The only constraint for the estimator object is that it has to implement the standard methods of an sklearn estimator object, that is methods fit and predict. Using any classification algorithm provided by the scikit-learn library automatically satisfies this requirement.

Running the experiments

Parallel jobs are created by invoking the mpirun command; the following syntax assumes that the OpenMPI implementation of MPI has been chosen for the cluster, if this is not the case, please refer to the documentation of the implementation available on your cluster for the command line options corresponding to those specified here:

$ mpirun -np N_JOBS --hostfile HOSTFILE pd_run.py path/to/config.py

Here N_JOBS obviously determines how many parallel jobs will be spawned and distributed among all available nodes, while HOSTFILE is a file listing the addresses or names of the available nodes.

Take into account that if optimized linear algebra libraries are present on the nodes (as it is safe to assume for most clusters) you should tune the number of jobs so that cores are optimally exploited: since those libraries already parallelize operations, it is useless to assign too many slots for each node.

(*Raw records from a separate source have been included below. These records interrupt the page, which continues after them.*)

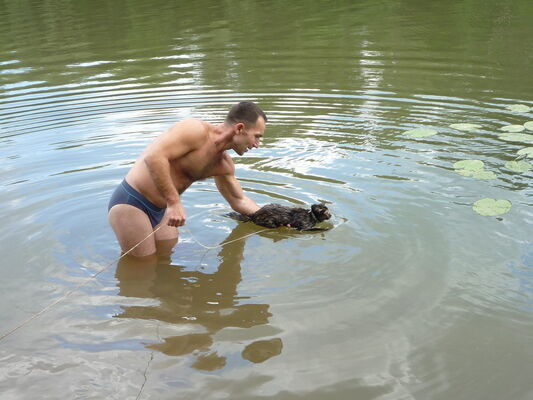  ,   Daniil, 50 ,   ,   , c 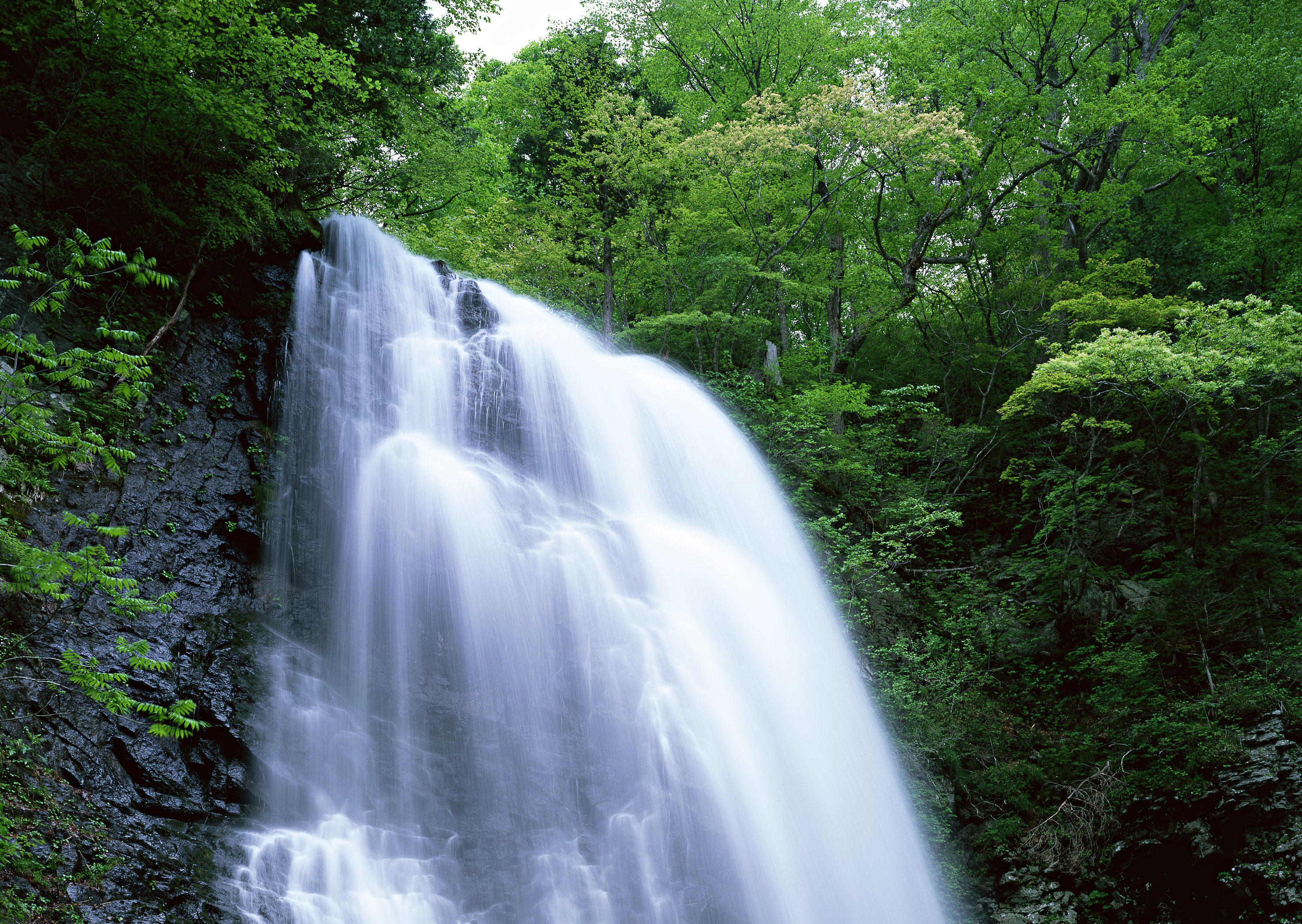 Waterfalls - 12 - 002.jpg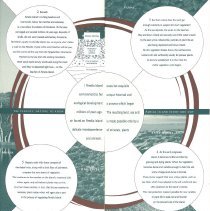 Amelia Island Tourism Brochure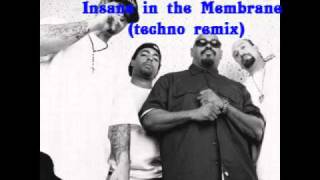 Insane in the Membrane techno Remix [upl. by Onailimixam]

Running experiments on a single machine

It is possible to perform experiments using PALLADIO also on a single machine, without a cluster infrastructure. The command is similar to the previous one, it is sufficient to omit the first part, relative to the MPI infrastructure:

$ pd_run.py path/to/config.py

Warning

Due to the great number of experiments which are performed, it might take a very long time for the whole procedure to complete; this option is therefore deprecated unless the dataset is very small (no more than 100 samples and no more than 100 features).

Results analysis

The pd_analysis.py script reads the results from all experiments and produces several plots and text files. The syntax is the following:

$ pd_analysis.py path/to/results_dir

See Analysis for further details on the output of the analysis.